Für Amerika ist folgende Warnung am Platze: es mag in geistiger Beziehung leben oder zugrunde gehen, wie es ihm beliebt. Aber was Amerika gerade jetzt nottut, ist, der Tatsache ins Auge zu blicken, nicht, wie nahe es etwa seinem Entstehen, sondern wie nahe es seinem Ende sein mag. Es ist nur eine Redensart, zu sagen, dass die Zivilisation der Vereinigten Staaten jung ist: es fragt sich in allem Ernst, ob sie nicht in den letzten Zügen liegt. Wenn wir die physische Metapher, die in dem Worte Jugend liegt, endgültig beiseite gelegt haben, was jeder tut, der nur einen Moment nachdenkt, so fragt es sich, welchen Beweis wir dafür haben, dass Amerika eine junge frische Kraft, und nicht eine alte verbrauchte sei. Das Land zählt viele Einwohner wie China, es hat viel Geld wie das besiegte Karthago oder das sterbende Venedig. Es ist voll Tätigkeit und nervöser Aufregung, wie Athen nach seinem Untergange, wie alle griechischen Städte in ihrem Verfall. Es liebt das Neue; aber das tun die alten Leute auch. Die Jungen lesen die Chroniken, die Alten die Zeitungen. Amerika bewundert Kraft und Schönheit, zum Beispiel die kräftige barbarische Schönheit seiner Frauen; aber das taten die Römer auch, als die Goten vor ihren Toren waren. Alle diese Eigenschaften sind vollkommen vereinbar mit Stagnierung und Verfall. In drei Hauptsymbolen sehen wir das Glück und die Grösse einer Nation sich spiegeln: wenn es heroisch in seiner Regierung, heroisch im Krieg, heroisch in der Kunst ist. Neben seiner Regierung, die eines Landes Wesen und Seele verkörpert, ist nichts bezeichnender als seine künstlerische Stellungnahme einem Feiertag, seine moralische Stellung einem Kampfe gegenüber: in einem Wort, Leben und Tod gegenüber.

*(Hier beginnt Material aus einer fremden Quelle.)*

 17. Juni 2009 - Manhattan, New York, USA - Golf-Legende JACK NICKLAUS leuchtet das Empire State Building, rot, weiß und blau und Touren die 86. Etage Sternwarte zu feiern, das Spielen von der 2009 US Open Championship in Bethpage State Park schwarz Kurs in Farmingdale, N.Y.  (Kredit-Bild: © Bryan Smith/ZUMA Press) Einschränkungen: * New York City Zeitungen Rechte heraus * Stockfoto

Was diese ewigen Merkmale betrifft, so vermisse ich sie in Amerika. Es ist so schwach und müde wie das moderne England oder irgendeine westliche Grossmacht. Seine Politik ist die Englands: ein verblüffender Opportunismus und eine grosse Verlogenheit. Sein Kriegswesen, wie seine nationale Attitüde haben eine noch auffallendere und melancholischere Ähnlichkeit mit England. Es gibt sozusagen drei Stadien in der Geschichte eines Volkes. Im Anbeginn, noch klein, bekämpft es kleine Mächte; zur Grossmacht vorgeschritten, erklärt es Grossmächten den Krieg; später dann kleinen Mächten, von denen es aber behauptet, dass sie gross und mächtig sind, nur um sein altes Feuer, seine alte Ehrsucht anzufachen. Der nächste Schritt ist, dass es selbst zur kleinen Macht herabsinkt. England zeigte uns diese Symptome der Dekadenz zur Genüge im Transvaalkrieg, aber Amerika noch mehr in seinem Krieg mit Spanien. Ironischer und absurder als je in irgendeinem anderen Krieg, berührte der Kontrast zwischen dem enormen Truppenaufwande und der sorgfältig ausgesuchten Schwäche des Gegners. Amerika fügte seinen spät-römischen oder byzantinischen Eigenschaften noch die eines Caracalla bei, d. h. die Eigenschaft, Siege davonzutragen, die keine sind.

Doch wenn wir zu dem letzten Prüfstein einer Nation kommen: die schönen Künste, die Malerei und Literatur, so sieht es erst recht schlimm bei uns aus. Die englischen Kolonien haben uns keine grossen Künstler geschenkt: vielleicht ist dies ein Beweis, dass sie noch voll schlummernder Kräfte sind. Amerika jedoch hat grosse Künstler hervorgebracht, und hiermit ist sicher bewiesen, dass es voll schöner Zwecklosigkeit ist und den Keim alles Endes in sich trägt.

Was immer die amerikanischen Genies sein mögen, junge Götter sind sie keinesfalls, die uns eine neue Welt schaffen. Ist vielleicht Whistlers Kunst trotzig, mutig, barbarisch, beglückend und geradeaus? Steckt uns etwa Henry James mit dem Übermut eines Schulknaben an? Nein, die Kolonien sind noch heil, sie haben noch nicht gesprochen. Ihr Schweigen mag das eines neugeborenen Kindes sein. Aber Amerikas Stimme haben wir vernommen, und die klingt sanft und erschreckend und so deutlich, wie die Stimme eines Sterbenden.